Wägli hat Erfahrung in der Branche und die 3S Swiss Solar Systems, einen Anlagenhersteller von Solarmodul-Laminatoren, groß gemacht, an die Börse gebracht und 2010 in den Meyer-Burger-Konzern fusioniert, einem absoluten „Big Player“ unter den Zulieferern. Mit Solar Industries folgt der nächste Schritt: Raus aus dem Schatten des Zulieferermarkts, mitten ins Rampenlicht des Solarmarkts – auch wenn der aktuell die Strahlkraft einer Energiesparlampe hat. „Der Markt steht komplett still“, sagt der Chef eines regionalen Solarunternehmens zu Econo. „Alle warten ab, wie sich weltweit die Lage entwickelt. Mit Solar Industries macht sich Meyer Burger mithilfe von Investoren den Markt einfach selbst.“

Ein riskantes Spiel. Die Schweizer gehen mit großem Selbstbewusstsein voran. „Ich will nicht sagen, dass wir es besser machen“, erklärt Tschofen. „Wir machen es anders. Zudem hat unsere schweizerische eher bedächtige Vorgehensweise auch Vorteile. Wir können von Fehlern von anderen lernen und die weitere Marktentwicklung in unser Denken einbauen.“ Der aktuelle Preisverfall sei „gut“, denn: „Die Solarindustrie muss sich von den Subventionen lösen und endlich ein normaler Wirtschaftszweig sein.“ Er gibt zu bedenken: „Die Preise schrumpfen, nicht die Märkte.“

Für den Angriff rüstet sich die Gruppe mit ehrgeizigen Investitionen: Im vergangenen Jahr hat Solar Industries in Freiburg das ehemalige Technologie- und Servicezentrum von Somont, die zuvor zum Meyer-Burger-Konzern gehörten, übernommen. Hier werden derzeit Solarmodule montiert. Bis Ende 2012 soll die Zahl der Mitarbeiter auf 40 anwachsen, der Umsatz von sieben auf 25 Millionen Euro steigen, sagt Matthias Schoft, CEO der Solar-Industries-Tochter SI Module.

Während in Freiburg die Module für den deutschen Markt hergestellt werden, baut die Gruppe im schweizerischen Langenthal gerade eine Modulproduktion für den Schweizer Markt. Solar Industries will das Geschäft lokal aufziehen, sagen Tschofen und Schoft. „Wir glauben daran, dass die Konsumenten bereit sind für ein deutsches oder schweizerisches Produkt einen moderaten Aufpreis im einstelligen Prozentbereich zu bezahlen“, sagt Tschofen. Das Ziel von Solar Industries ist also die Nische: Solar made in Germany oder Switzerland. Von Großprojekten lasse man die Finger, die Zielgruppe seien Haushalte, Handwerker, kleine Firmen.

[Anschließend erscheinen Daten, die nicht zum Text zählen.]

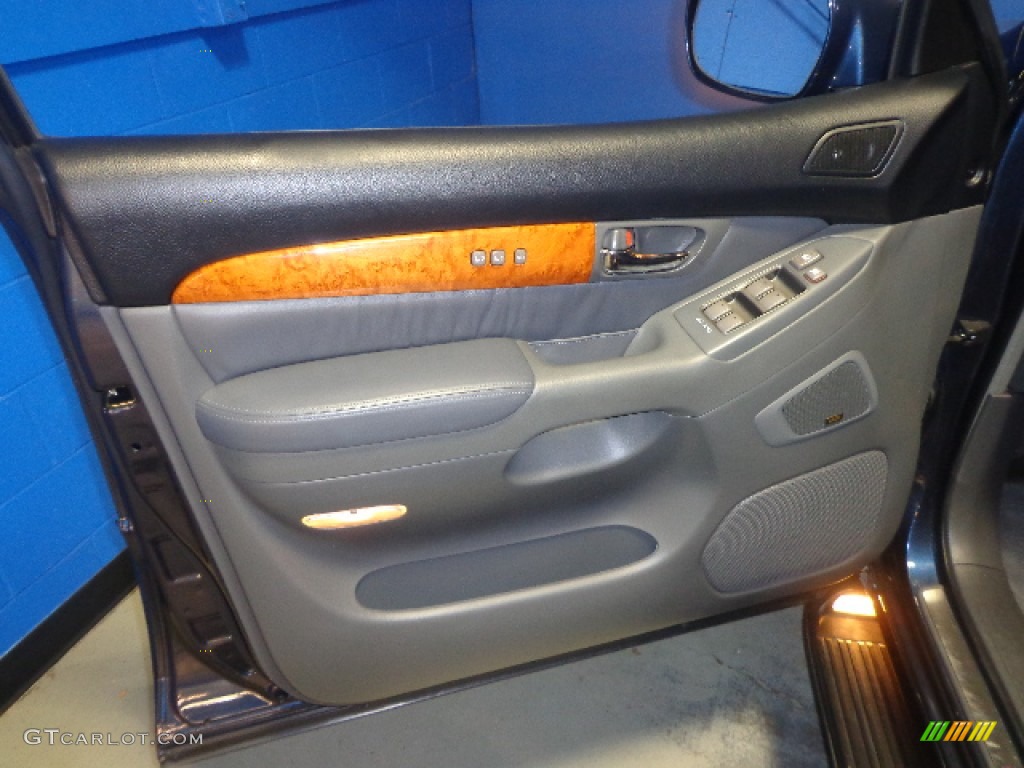 2004 GX 470 - Blue Meridian Pearl / Dark Gray photo #19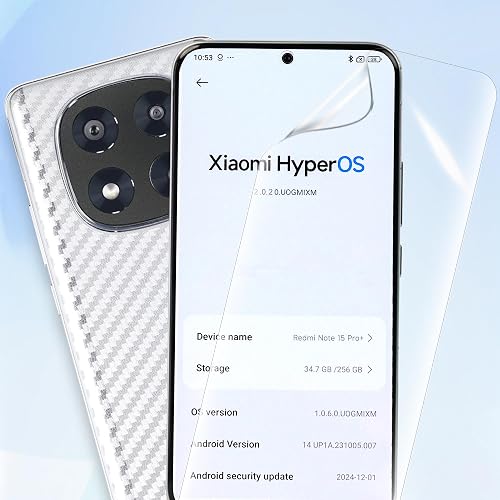 Ibywind for Xiaomi Redmi Note 15 Pro+ 5G/Poco M8 Pro 5G Screen Protector,2-Pack,Hydrogel Film with Camera Lens Protector,Easy Installation Tool,Bubble-Free,Fingerprint Unlock Compatible,Anti-Shatte - 6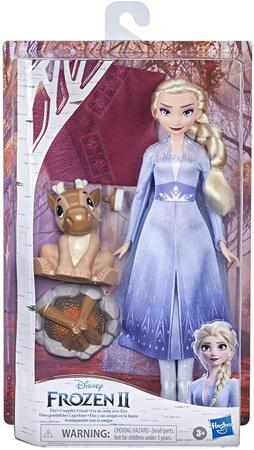 Boneca Disney Frozen 2 Acampamento com os Amigos, com Vestido e Acessório -  Elsa - F1582 - Hasbro : : Brinquedos e Jogos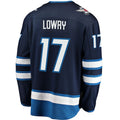 W.Jets #17 Adam Lowry Supporters Branded Breakaway Replica Jersey Navy Stitched American Hockey Jerseys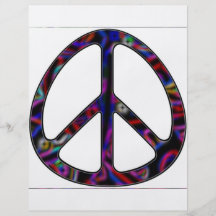 signe de paix ccolorful prospectus avec motif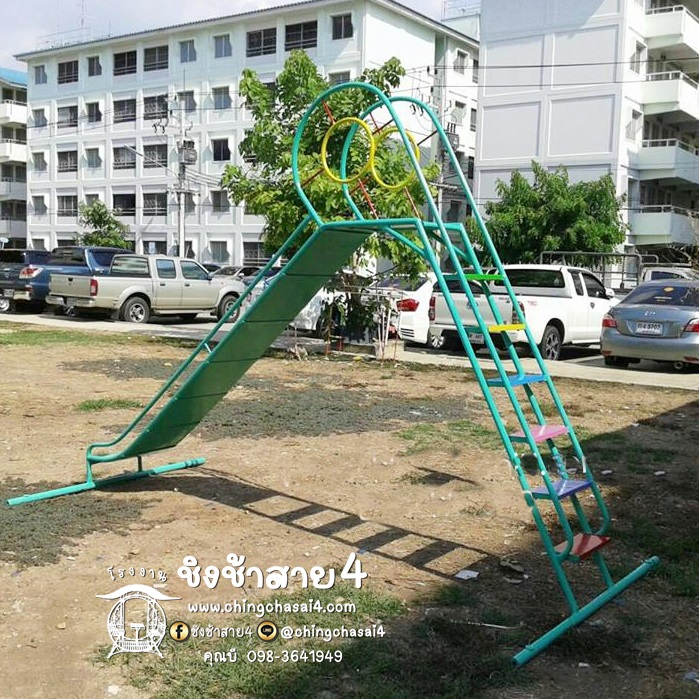 บันไดลื่นใหญ่ บันได 6 ขั้น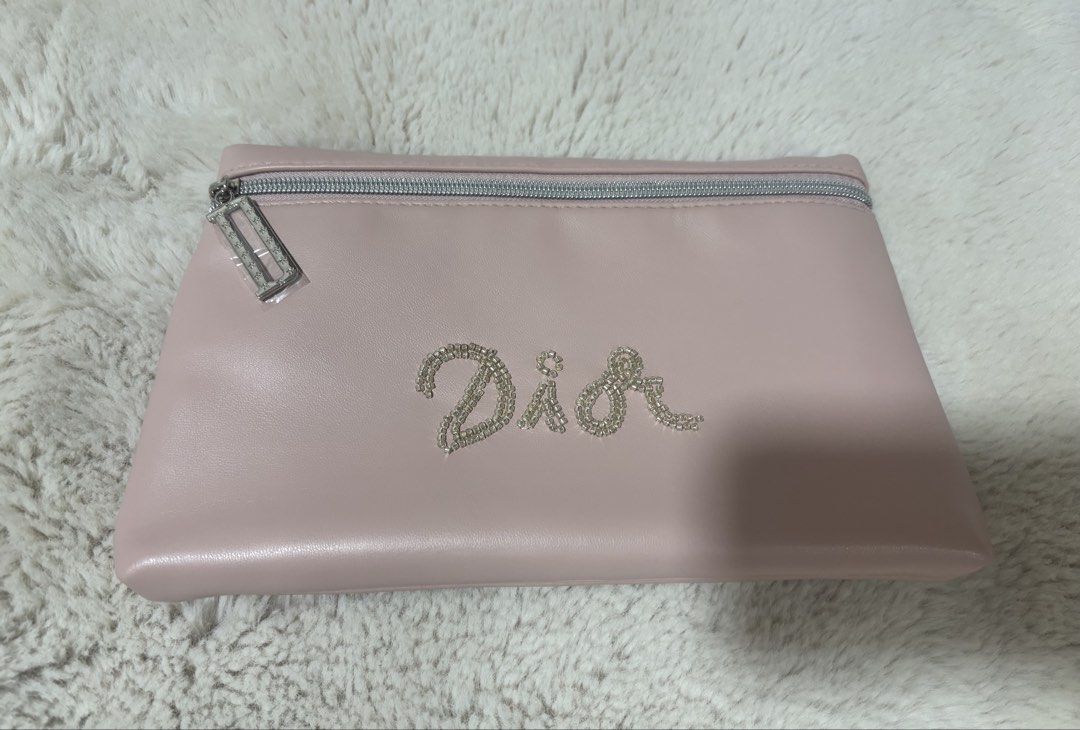 Dior Beauté Beaded Pink Pouch (Category: Luxury Bags & Wallets) located in Batangas. Submitted by aveena0413 (Listing ID 1431133456, Image 2). Description: Dior Beauté Beaded Pink Pouch • Brand new, unused • No box • With beaded Dior logo – elegant and eye-catching • Perfect for makeup, travel, or daily essentials 💕 Authentic Dior beaute-pouch .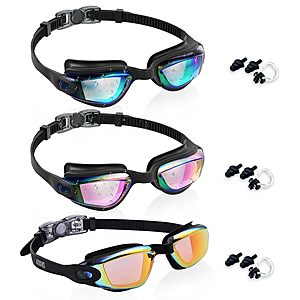 3-Pack Aegend Kids' Anti-Fog Swim Goggles $6.99 ($2.33 each) + Free Shipping w/ Prime or on $35+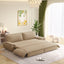 LLappuil 73" Pull Out Sofa Bed Queen Size, Corduroy Loveseat Sofa Couch Convertible Sofa Bed for Living Room Camel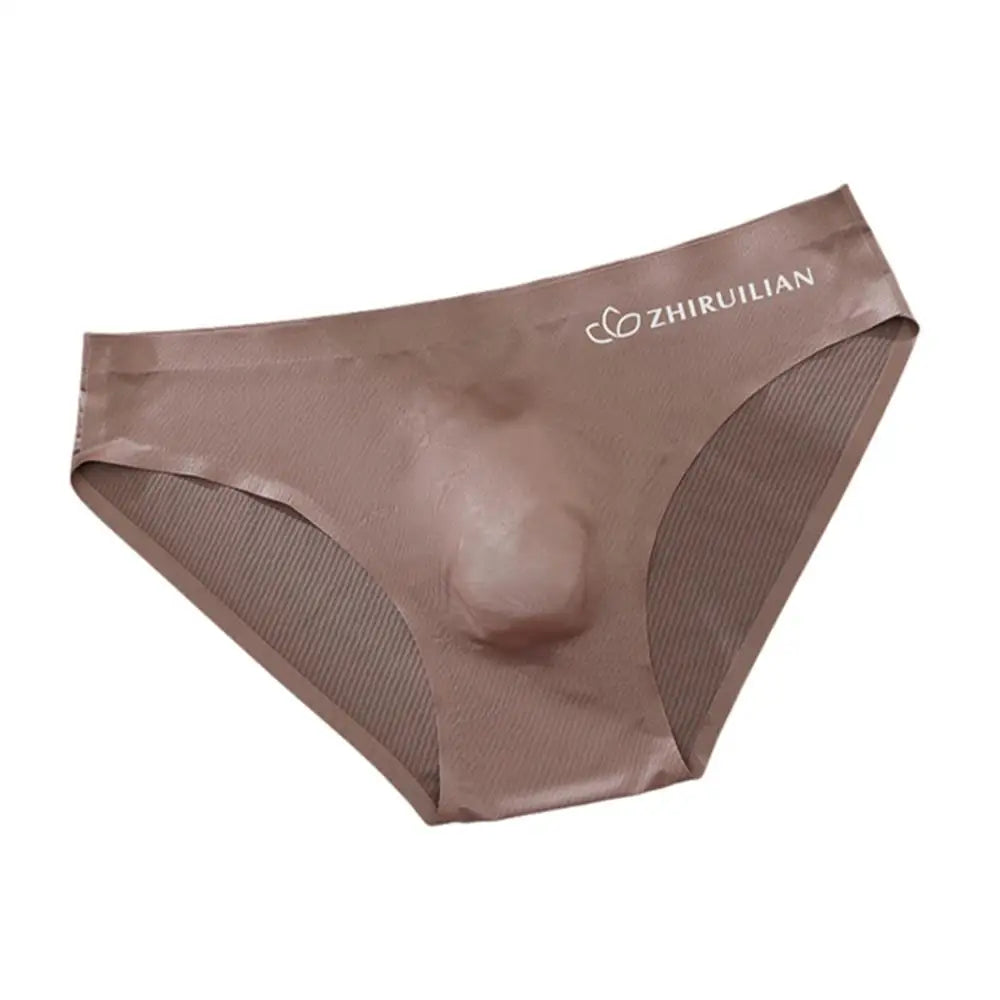 Slip homme ice silk — Taille basse ultra-fin sans coutures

Markt, Zielgruppe und Philosophie sind das eine. Doch ohne ein gutes Produkt ist alles nichts. Hier könnte Solar Industries ein wirkliches As im Ärmel haben: Wirkungsgrad und die Qualität der Zellen soll den chinesischen Massenprodukten überlegen sein. Und: Neben Standardmodulen stellen die Schweizer eine Modullinie her, die herkömmliche Dachziegel ersetzt. „Da offenbar eine wirkliche innovative Technologie im Spiel ist, könnte der Deal aufgehen“, mutmaßt auch der Solar-Boss.

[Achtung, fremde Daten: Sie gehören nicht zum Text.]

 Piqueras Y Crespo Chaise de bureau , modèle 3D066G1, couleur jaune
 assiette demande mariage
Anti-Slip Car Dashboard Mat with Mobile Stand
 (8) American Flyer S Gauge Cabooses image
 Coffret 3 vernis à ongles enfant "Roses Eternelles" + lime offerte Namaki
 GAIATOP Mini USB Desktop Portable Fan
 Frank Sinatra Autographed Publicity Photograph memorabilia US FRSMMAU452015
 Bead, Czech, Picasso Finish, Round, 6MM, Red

Zurück nach Schorndorf. Ausgerechnet in einer Waschmaschinenfabrik sollen Solarzellen hergestellt werden? Worüber in der Branche der Kopf geschüttelt wird, ist in Wirklichkeit Ausdruck der deutschen Solarmalaise. Denn eine deutsche Fertigung zu kaufen, stand für die Schweizer nur kurz zur Diskussion. „Die deutschen Solarfirmen haben ein Problem: Durch die jahrelange Förderung von Produktionsstandorten haben viele nicht ausreichend wirtschaftlich gedacht“ sagt Tschofen. „So gut die Förderung war, um die Solarindustrie zu etablieren, so gefährlich ist sie: Sie verleitet Firmen dazu, nicht genügend scharf zu kalkulieren.“ Denn Geld ist nun keins mehr da. Heißt: Die Maschinen der Deutschen sind zu alt und damit zu schlecht für die Pläne der Schweizer. Der Großraum Stuttgart indes sei der Top-Standort, den „wir gesucht haben“, sagt Tschofen.

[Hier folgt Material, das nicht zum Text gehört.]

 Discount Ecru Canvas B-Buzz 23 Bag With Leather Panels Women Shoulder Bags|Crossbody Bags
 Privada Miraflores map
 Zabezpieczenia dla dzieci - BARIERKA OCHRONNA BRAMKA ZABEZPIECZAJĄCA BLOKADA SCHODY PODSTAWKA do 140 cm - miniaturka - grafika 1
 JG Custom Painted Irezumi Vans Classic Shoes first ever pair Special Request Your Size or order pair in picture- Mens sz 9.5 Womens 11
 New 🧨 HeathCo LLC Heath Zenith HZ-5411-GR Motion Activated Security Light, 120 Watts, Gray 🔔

Allerdings gelten Produktionskapazitäten unter einem Gigawatt wie die in Schorndorf geplante bereits heute als unrentabel. Und die Bauknecht-Mitarbeiter müssen erst aufwendig in die diffizile Technik eingelernt werden. „Das ist die eigentliche Herausforderung“, so ein Insider. Erst die Zeit wird zeigen, ob die Rechnung des Phantoms aufgeht.